Moreover, for mechanical joining of both long sides and short sides also in the vertical direction (direction D1 in FIG. 1c) the board is formed with a laterally open recess 16 along one long side (joint edge portion 4a) and one short side (joint edge portion 5a). At the bottom, the recess 16 is defined by the respective strips 6, 6′. At the opposite edge portions 4b and 5b there is an upper recess 18 defining a locking tongue 20 coacting with the recess 16 (see FIG. 2a).
FIGS. 1a-1c show how two long sides 4a, 4b of two such boards 1, 1′ on an underlay 12 can be joined together by means of downward angling. FIGS. 2a-2c show how the short sides 5a, 5b of the boards 1, 1′ can be joined together by snap action. The long sides 4a, 4b can be joined together by means of both methods, while the short sides 5a, 5b—when the first row has been laid—are normally joined together subsequent to joining together the long sides 4a, 4b and by means of snap action only.
When a new board 1′ and a previously installed board 1 are to be joined together along their long sides 4a, 4b as shown in FIGS. 1a-1c, the long side 4b of the new board 1′ is pressed against the long side 4a of the previous board 1 as shown in FIG. 1a, so that the locking tongue 20 is introduced into the recess 16. The board 1′ is then angled downwards towards the subfloor 12 according to FIG. 1b. In this connection, the locking tongue 20 enters the recess 16 completely, while the locking element 8 of the strip 6 enters the locking groove 14. During this downward angling the upper part 9 of the locking element 8 can be operative and provide guiding of the new board 1′ towards the previously installed board 1. In the joined position as shown in FIG. 1c, the boards 1, 1′ are locked in both the direction D1 and the direction D2 along their long sides 4a, 4b, but the boards 1, 1′ can be mutually displaced in the longitudinal direction of the joint along the long sides 4a, 4b. 

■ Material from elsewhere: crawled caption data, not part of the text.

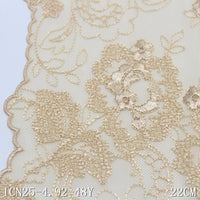 Apricot unilateral exquisite antique flower mesh embroidery 22cm clothing home textile lace accessories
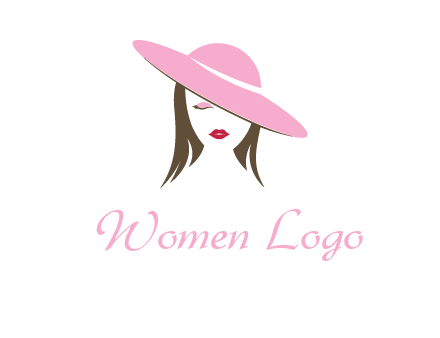 head of woman with tilted fancy hat fashion logo icon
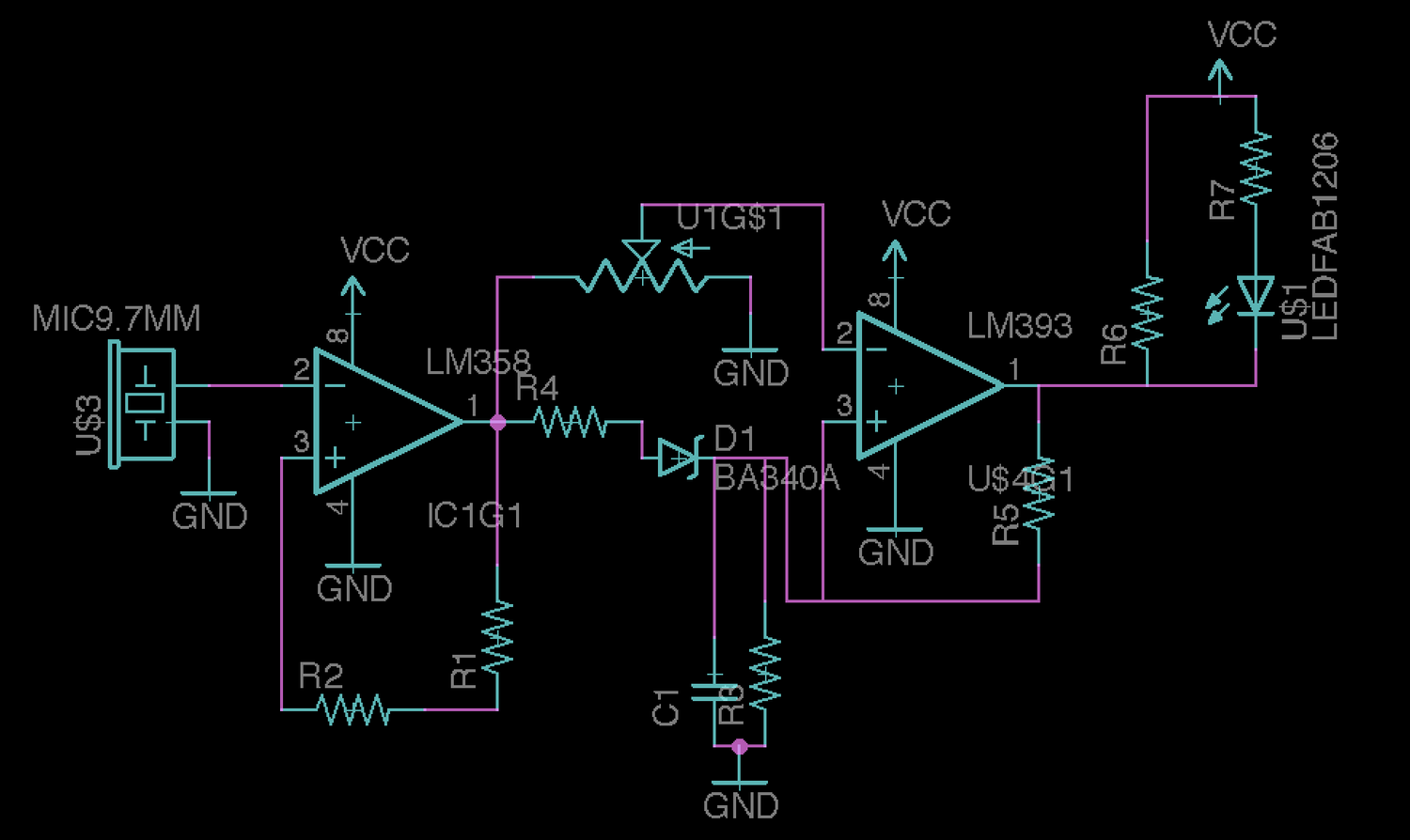Bright a magenta and teal circuit board schematic against a dark background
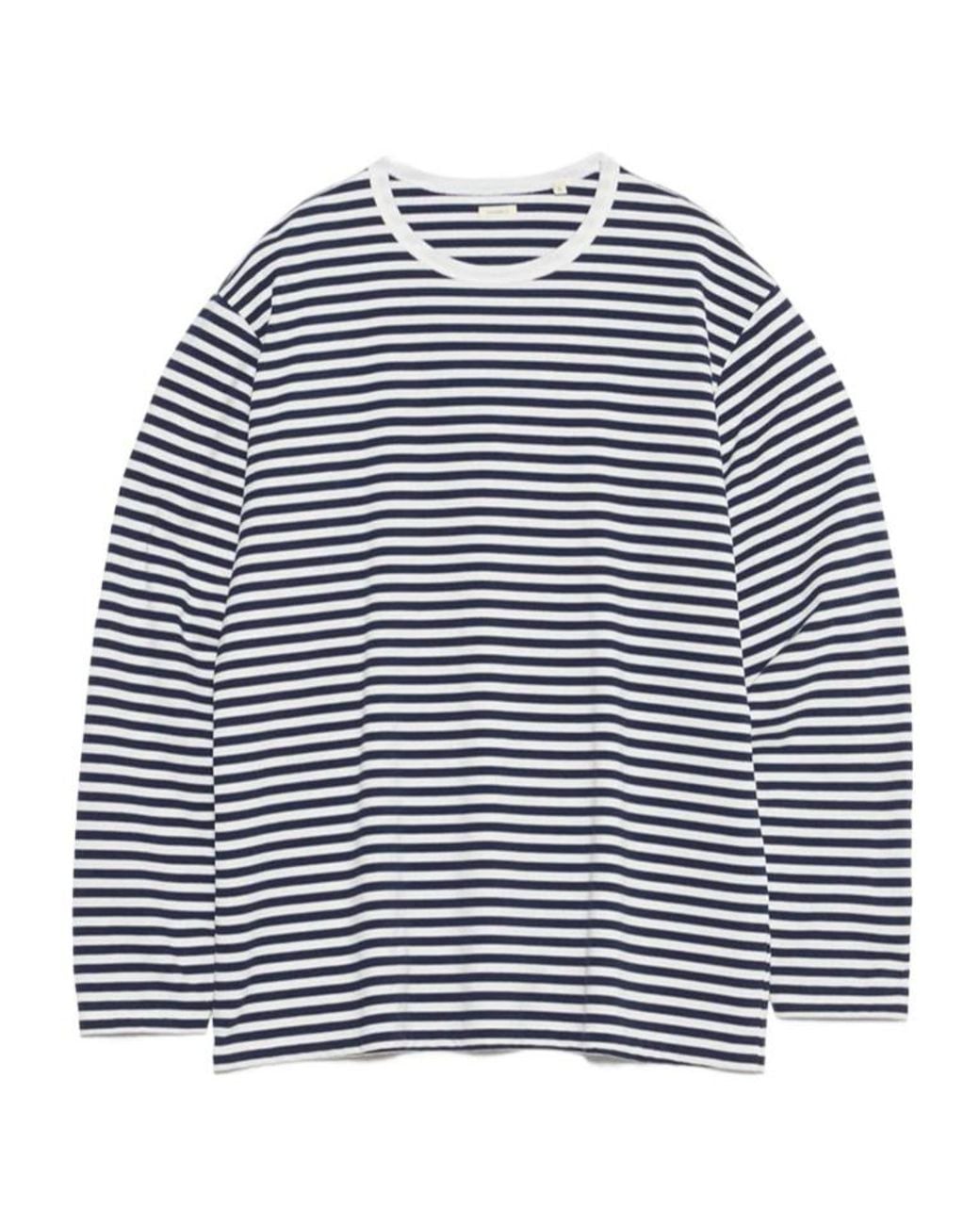 Nanamica Blue Striped Long-Sleeved T-Shirt for men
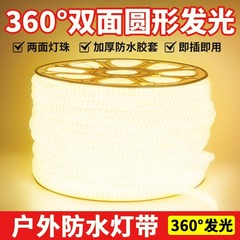 両面ラウンド 100m ストリップ LED ソフトライトストリップ 220v 超高輝度 COB 屋外防水エンジニアリング外壁雰囲気ライト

FIGS. 2a-2c show how the short sides 5a and 5b of the boards 1, 1′ can be mechanically joined in the direction D1 as well as the direction D2 by moving the new board 1′ towards the previously installed board 1 essentially horizontally. Specifically, this can be carried out subsequent to joining the long side of the new board 1′ to a previously installed board 1 in an adjoining row by means of the method according to FIGS. 1a-1c. In the first step in FIG. 2a, beveled surfaces adjacent to the recess 16 and the locking tongue 20 respectively cooperate such that the strip 6′ is forced to move downwards as a direct result of the bringing together of the short sides 5a, 5b. During the final bringing together of the short sides, the strip 6′ snaps up when the locking element 8′ enters the locking groove 14′, so that the operative locking surfaces 10, 10′ of the locking element 8′ and of the locking groove 14′ will engage each other.
By repeating the steps shown in FIGS. 1a-c and 2a-c, the whole floor can be laid without the use of glue and along all joint edges. Known floorboards of the above-mentioned type are thus mechanically joined usually by first angling them downwards on the long side, and when the long side has been secured, snapping the short sides together by means of horizontal displacement of the new board 1′ along the long side of the previously installed board 1. The boards 1, 1′ can be taken up in the reverse order of laying without causing any damage to the joint, and be laid again. These laying principles are also applicable to the present invention.
For optimal function, subsequent to being joined together, the boards should be capable of assuming a position along their long sides in which a small play can exist between the operative locking surface 10 of the locking element and the operative locking surface 10′ of the locking groove 14. Reference is made to WO 94/26999 for a more detailed description of this play.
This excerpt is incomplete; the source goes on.